Noc przyniesie oberwanie chmury. W ulewach spadnie ponad 60 litrów wody. Powodzie błyskawiczne nie odpuszczą
Ścieranie ciepłego i chłodnego powietrza nad Polską przy przejściu chłodnego frontu w rejon upału przyniesie najbliższej doby kolejne nawałnice. Spodziewamy się powstania rozległego systemu burzowego MCS szczególnie w nocy, choć lokalne superkomórki będą wcześniej. Przyniosą ulewy z sumami opadów 60 litrów wody na m2 ziemi, miejscami spadnie grad i będą wichury. Lokalne powodzie błyskawiczne nie odpuszczą.
Prognoza zasięgu rozległego systemu burzowego z ulewami i lokalnymi oberwaniami chmury w Polsce o godzinie 03:00, 14 lipca 2024
Nad wschodnią i południowo wschodnią Polska rozciąga się obecnie chłodny front atmosferyczny przed którym zalega ciepła masa powietrza zwrotnikowego z upałem. W godzinach popołudniowych lokalnie powinny się rozwiną burze, miejscami w formie możliwej superkomórki z gradem i ulewami, głównie między wschodnią Małopolską i częściowo Podkarpaciem po lokalnie Lubelszczyznę. Sytuacja zacznie się komplikować w nocy na niedzielę, gdy na froncie powstanie płytki niż nasuwający się nad Polskę znad Czech. Przyniesie miejscami nie tylko burze i silny wiatr, ale także nawalne opady deszczu.
Prognoza zasięgu ulewy i miejscami burz z oberwaniem chmury w Polsce do godziny 06:00, 14 lipca 2024
Mimo, że od przejścia mezoskalowej burzy MCS dzieli nas już niewiele godzin, to są pewne rozbieżności w prognozach pod względem trajektorii niżu i zasięgu największych ulew. Model Swiss HD, który w ostatnich dniach bardzo dobrze szacował rejony przejścia nawałnic, wskazuje przejście ulewy szczególnie między obszarem Kotliny Kłodzkiej przez Opolszczyznę, Górny Śląsk, Ziemie Łódzką i częściowo Świętokrzyską, po częściowo Mazowsze, Lubelszczyznę, Podkarpacie i Małopolskę, przy czym najwięcej opadów ma spaść między Kotliną Kłodzką przez Opolszczyznę, pogranicze województwa śląskiego i łódzkiego po południowe i wschodnie Mazowsze z północno zachodnimi regionami Lubelszczyzny.

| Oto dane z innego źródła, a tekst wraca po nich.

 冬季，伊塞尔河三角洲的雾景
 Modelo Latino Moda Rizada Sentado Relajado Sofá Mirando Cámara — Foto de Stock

Prognoza zasięgu ulewy i sumy opadów w Polsce do godziny 08:00, 14 lipca 2024
Obszar największych opadów inaczej prognozują modele regionalne i globalne, które ulewy przesuwają bardziej na południe i wschód o wyliczeń modelu Swiss HD. Według modelu ECMWF, najwięcej deszczu spadnie, od Kotliny Kłodzkiej przez miejscami Opolszczyznę, północne dzielnice Górnego Śląska, Ziemie Świętokrzyską po częściowo Lubelszczyznę i miejscami Podkarpacie.
Zobacz: Piekielny upał nie ustąpi. Temperatura sięgnie 38 stopni. Fala upałów potrwa dłużej
Prognoza sumy opadów po nocnej ulewie i burzach w Polsce do 14 lipca 2024
Sytuacja nie jest więc jednoznaczna pod względem zasięgu opadów, dlatego wymaga monitorowania najnowszych danych z radaru opadów. Nie zmienia to jednak faktu, że na wskazanym obszarze miejscami do niedzieli przejdą nawałnice, z ulewami, gradem i silnym wiatrem, w porywach do 60-100 km/h. Suma opadów miejscami w krótkim czasie może osiągnąć ponad 30-60 litrów wody na m2 ziemi, a to już wystarczy do wystąpienia zalań, a nawet lokalnych powodzi błyskawicznych, tak jak minionej doby, gdy suma opadów szczególnie w Wielkopolsce była jeszcze większa i przekraczała 100-130 litrów wody.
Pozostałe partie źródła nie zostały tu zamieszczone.